Kardinal pocht auf Einhaltung der Sexualnormen
Die Anzeige war der bisherige Höhepunkt einer Welle an Protesten, die über das Erzbistum hereinbrach, seit Cordileone Anfang Februar die Beschäftigten der katholischen Schulen in seinem Bistum mit einer neuen Richtlinie auf die Einhaltung der Sexualnormen der Kirche per Unterschrift verpflichten wollte.
In dem Dokument, dessen Inhalt ab kommenden Schuljahr Bestandteil der Handbücher für die rund 500 Lehrer und Beschäftigten an den Bildungseinrichtungen wird, heißt es, alle sexuellen Beziehungen außerhalb der Ehe seien "ernsthaft böse". Ausdrücklich führt das Dokument als Beispiele Ehebruch, Selbstbefriedigung, Vielweiberei, das Betrachten von Pornographie und homosexuelle Beziehungen an. Genauso bewertet werden Empfängnisverhütung sowie "künstliche Reproduktionstechniken" und menschliches Klonen.
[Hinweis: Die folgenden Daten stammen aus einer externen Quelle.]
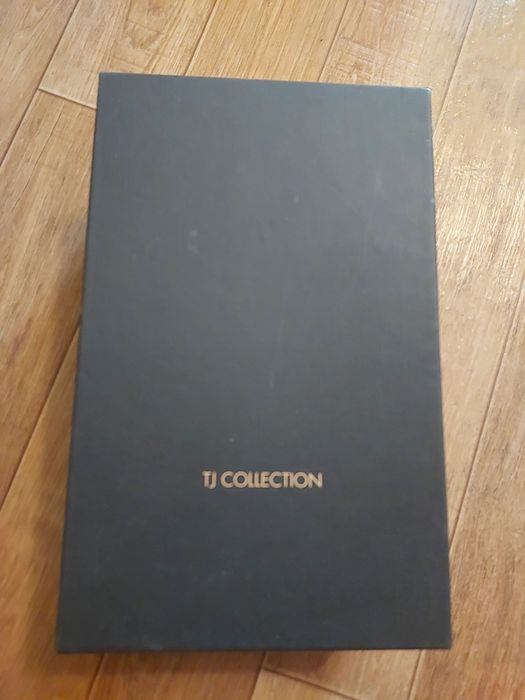 Продам итальянские босоножки
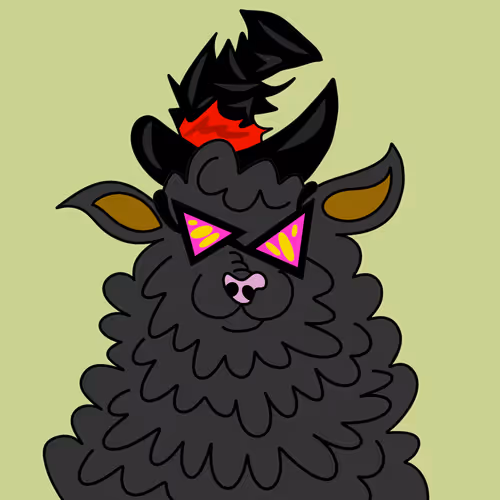 Howlerzprey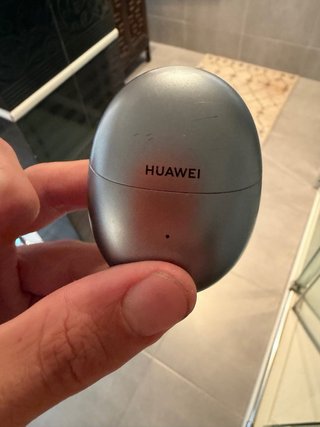 Huawei FreeBuds 5 - Estuche de Carga + Auricular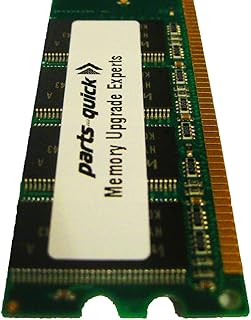 256MB Memory for HP LaserJet Pro 400 Color MFP M475 M475dn Printer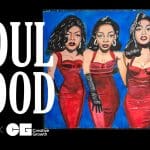 Living Jazz x Creative Growth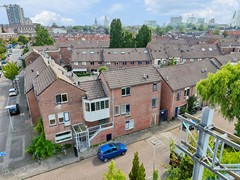 Nieuwe Pijlsweerdstraat 43 Utrecht-33.jpg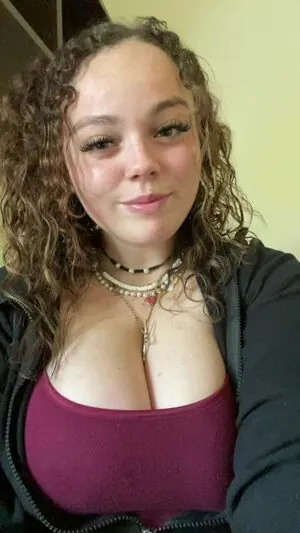 Hannah Blanco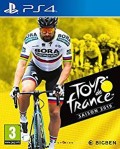 Tour De France Saison 2019 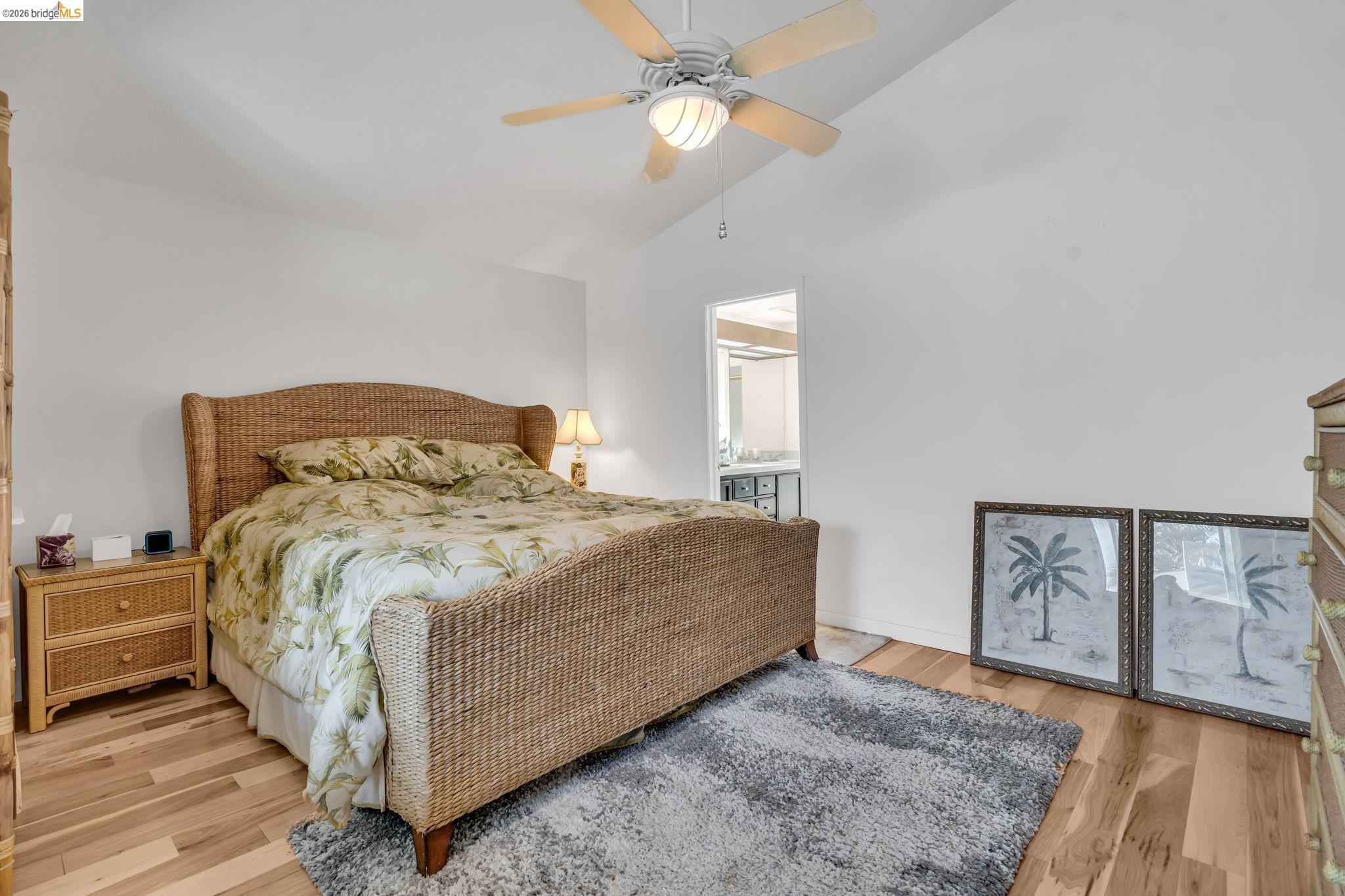 Detail Gallery Image 29 of 54 For 2226 Cove Court, Discovery Bay,  CA 94505-9999 - 3 Beds | 2 Baths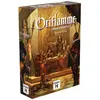 Image de Jeu de société ORIFLAMME EMBRASEMENT - Studio H Jeu de société - STORI2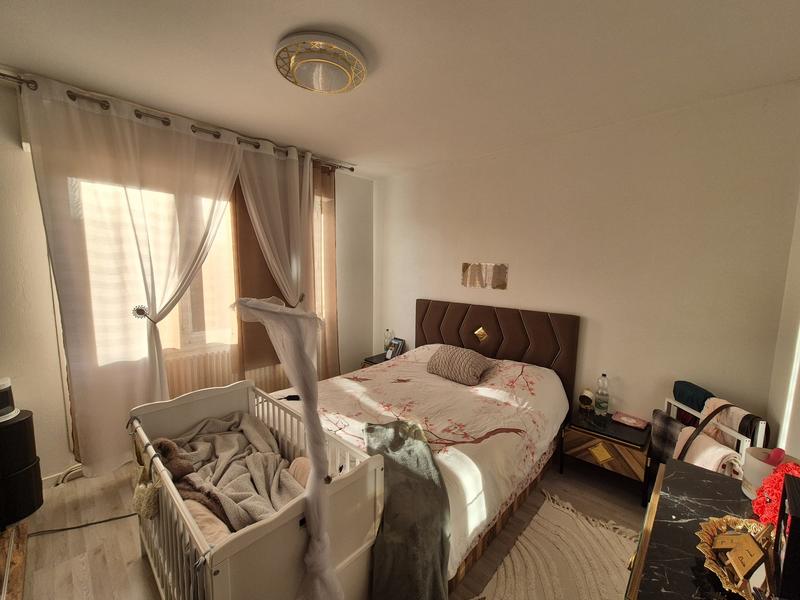 Maison ancienne - 178 m² - 8 pièces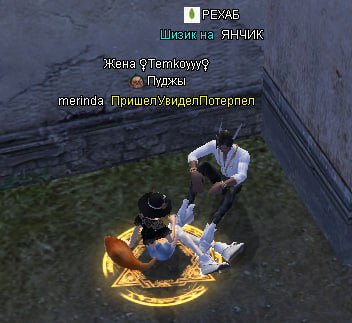 1748275036973.jpeg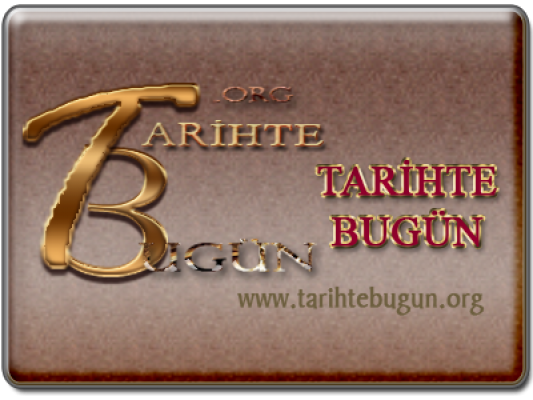 Kırım Rusyaya bağlanmayı kabul etti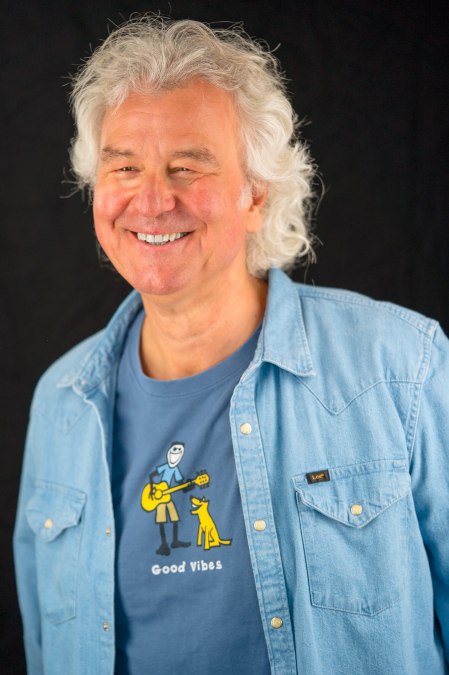 Pingo Schl&uuml;ter, &copy; Pingo Schl&uuml;ter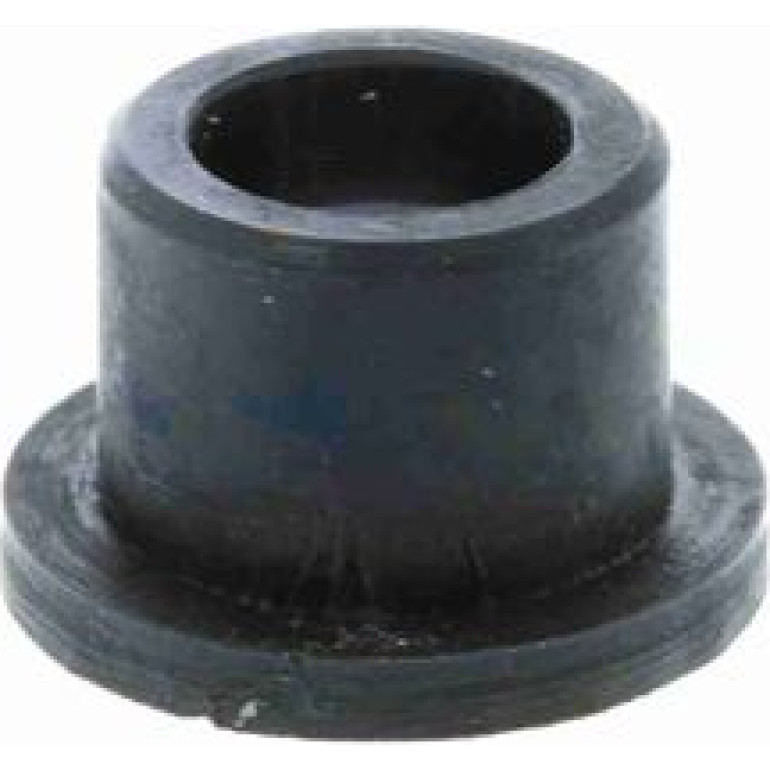 VAICO Buchse, Schaltstange V10-6181 VAICO Buchse, Schaltstange V10-6181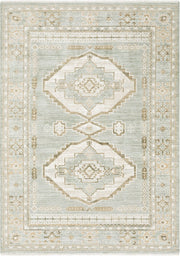 Lola Rug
Erzbischof Cordileone erläuterte in einem Begleitschreiben an die Lehrer, es gehe nicht darum, jemanden aus dem Lehrkörper auszugrenzen, sondern "dem enormen Druck der Gegenwartskultur" etwas entgegenzusetzen.
"Es gibt genügend Hass in der Welt"
Innerkirchliche Kritiker der Verhaltensrichtlinie beanstanden vor allem einen "verletzenden Ton" des Dokuments, das im Gegensatz zu der Inklusions-Botschaft von Papst Franziskus stehe. 80 Prozent der Beschäftigten lehnten es ab, die Verpflichtung zu unterschreiben.
Ende März demonstrierten Hunderte Schüler und Eltern der katholischen Schulen unter dem Motto "Lehr Akzeptanz" für eine annehmende Kirche. "Es gibt genügend Hass in der Welt", zitiert die "San Francisco Chronicle" Mary Petrini, Mutter eines Kindes an einer katholischen Schule. "Wir brauchen nicht mehr davon."
Dass Erzbischof Cordileone darüber hinaus den Pfarrer der "Star of the Sea"-Gemeinde Joseph Illo schützt, der Mädchen vom Ministrantendienst ausgeschlossen hat, sehen die Unterzeichner des Schreibens an den Papst auf einer Linie mit "der absoluten Gemeinheit", die aus dem Moralkodex spreche.
Das Erzbistum reagierte pikiert auf die ganzseitige Anzeige. Es sei "eine grobe Fehlinterpretation", dass die Unterzeichner behaupteten, "für die katholische Gemeinde von San Francisco zu sprechen", heißt es in einer Stellungnahme zu dem offenen Brief.
So oder so dürfte der Erzbischof nicht viel zu befürchten haben. Dass der Vatikan Bischöfe auf Drängen der lokalen Gemeinde abberuft, wäre alles andere üblich. Die Katholiken in der Stadt der brüderlichen Liebe dürften sich nach Rückkehr Cordileones von der Demo in Washington gewiss noch eine Weile an ihrem Erzbischof reiben.